Gastblog von Haakon Herbst, Präsident der HSMA Deutschland, vom 6. Mai 2011
Der Beitrag erschien als Kommentar zum "Online-Eigenvertrieb der Hotellerie" in der Mai-Ausgabe von . Mehr Informationen zu diesem Thema gibt es auch auf dem HSMA Pricing & Distribution Day am 30. Mai 2011 in Frankfurt/Main.
Immer öfter kommt mir die Hotellerie vor wie das kleine, etwas pummelige und stark bebrillte Mädchen, das wir alle aus unserer Schulzeit kennen und das niemand so richtig mochte, obwohl sie nie jemandem etwas getan hatte. Sie brachte uns Süßigkeiten mit, lud uns zum Geburtstag ein – zu dem wir natürlich nicht hingingen, lieh uns ihren Schal im Winter, hatte ein Pflaster in ihrem Täschchen und war immer gut zu uns…
Und trotzdem mochten wir sie nicht, und niemand wollte in den Verdacht kommen, mit ihr befreundet zu sein. Stattdessen machten sich zunächst einige und nach und nach alle einen Sport daraus, die kleine – nennen wir sie Angelika – zu drangsalieren, zu benachteiligen und ihre Gutmütigkeit und Einfalt immer mehr auszunutzen.
Hier setzt mein Vergleich an. Die Hotellerie ist immer und überall für jeden da – wir kümmern uns, wir laden ein, wir sind höflich, nahezu devot und bewahren fast immer unsere gute Kinderstube…
In der Zwischenzeit hat das nun auch der letzte Marktteilnehmer mitbekommen und nutzt die Einfalt der Branche immer weiter aus.
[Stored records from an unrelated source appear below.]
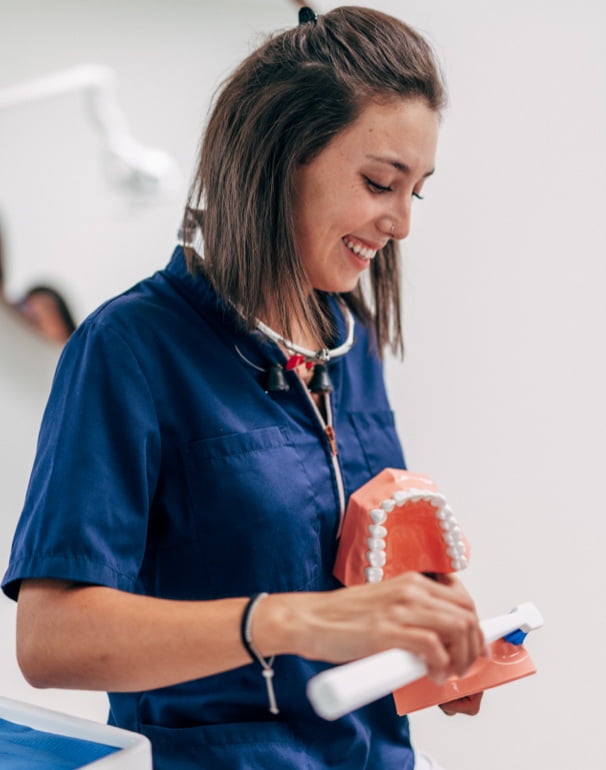 A dental hygienist in Nyon demonstrates how to perform a dental cleaning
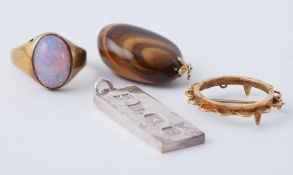 A mixed lot including a 9ct gold brooch/coin holder, silver ingot, pendant and a gold ring (hallmark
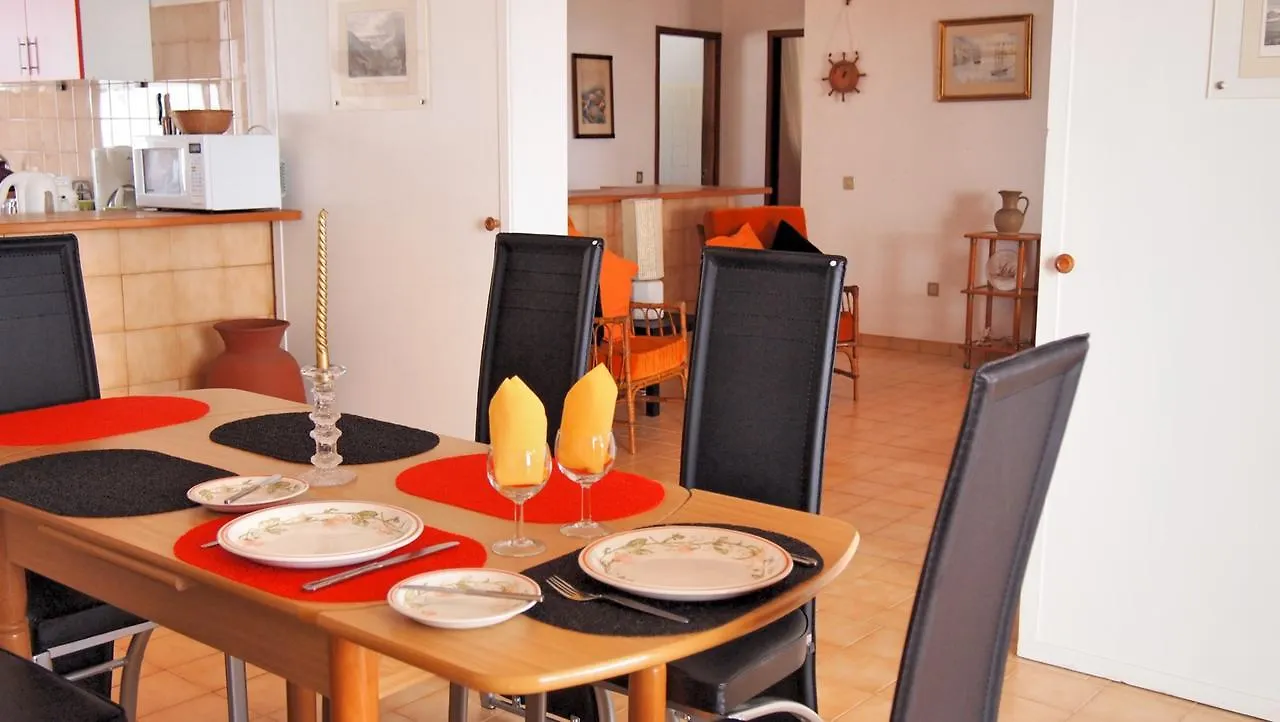 Ourmadeira - Villa Mary, Informal, Close To The Beach بورتو سانتو 0*,  البرتغال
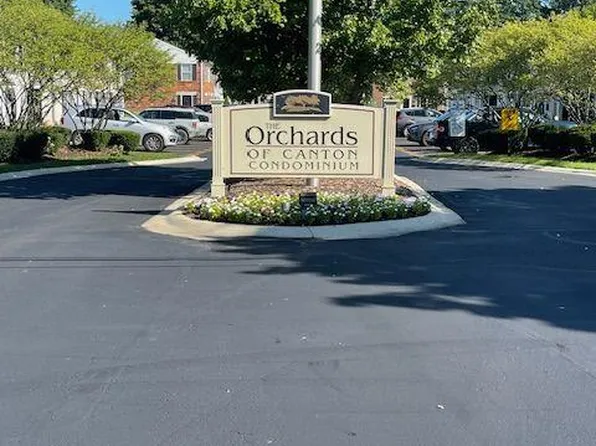 1764 Orchard Dr, Canton, MI 48188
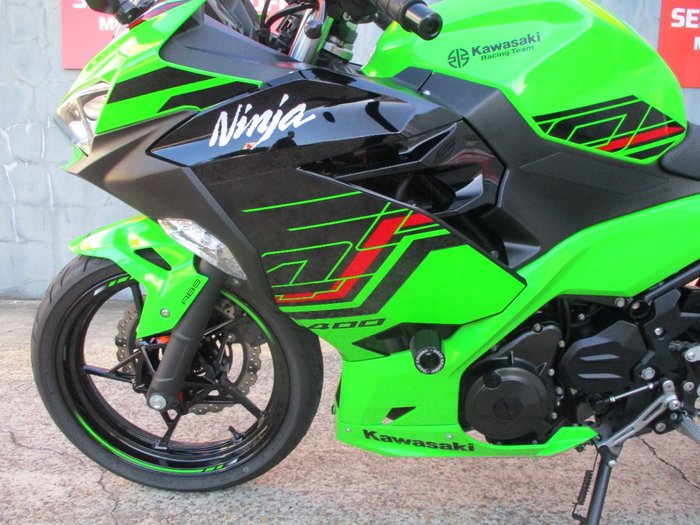2023 Kawasaki NINJA 400 GREEN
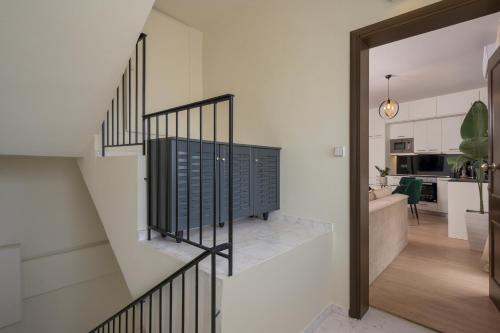 Ethyr City Living - image 4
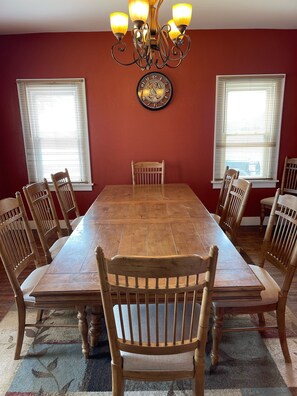 Dining - Triple S Lodge at Quivira (Hudson)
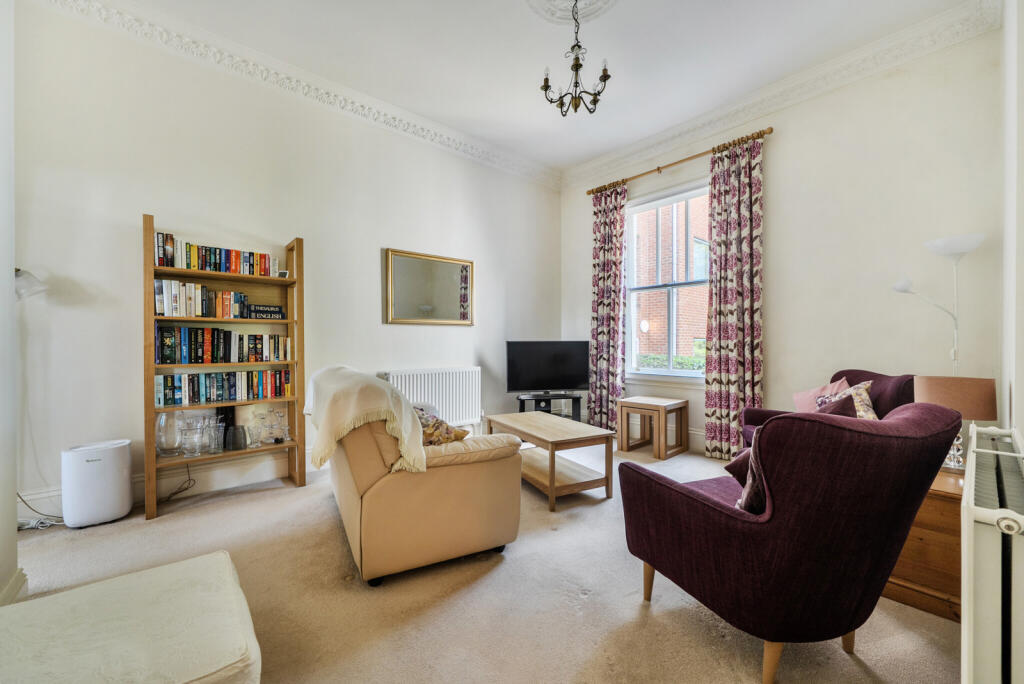 Apartment in Reading - View 5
Die Beispiele hierfür sind vielfältig: Sie beginnen bei dem scheinbar harmlos anmutenden Disagio für eine weitere Kreditkarte, ohne die wir ja sonst keinen Tagungsumsatz mehr machen werden, gehen über internationale Gutscheinhändler wie daily deal und Groupon, die uns für einen 50-prozentigen Nachlass aus purer Nächstenliebe unsere Restkapazitäten verkaufen wollen und enden leider auch bei missverständlich aufzufassenden Widget-Angeboten, die von teilweise auch honorigen Partnern unter das unwissende Volk gebracht werden.
Leider realisiert die Branche häufig zu spät, das zwei und mehr Prozent Disagio vom Tagungsumsatz eben nicht einfach nur zwei Prozent sind, die wir zum Wohle unseres Kunden (der ein besseres Reporting braucht) ausgeben. Nein, zwei Prozent weniger bei einem Gesamtbetriebsergebnis von acht Prozent machen rechnerisch gelöscht schnell auch mal 25 Prozent aus. Ebenso verhält es sich bei den drei Prozent Provision für die Widgets: Auch hier sollte der Kaufmann im Hotel in aller Ruhe nachdenken, kalkulieren und dann entscheiden.
Es gibt immer Pro- und Contra-Gründe, man sollte diese nur kennen und sich nicht einfach blind und gedankenlos mitreißen lassen. Denken wir an die kleine Angelika und ihre Gutmütigkeit – heute, Jahre später, wissen wir, dass wir sie hätten schützen müssen und schämen uns vielleicht sogar für unsere fehlende Zivilcourage und unser gedankenloses Handeln mit den Worten: Wir waren Kinder!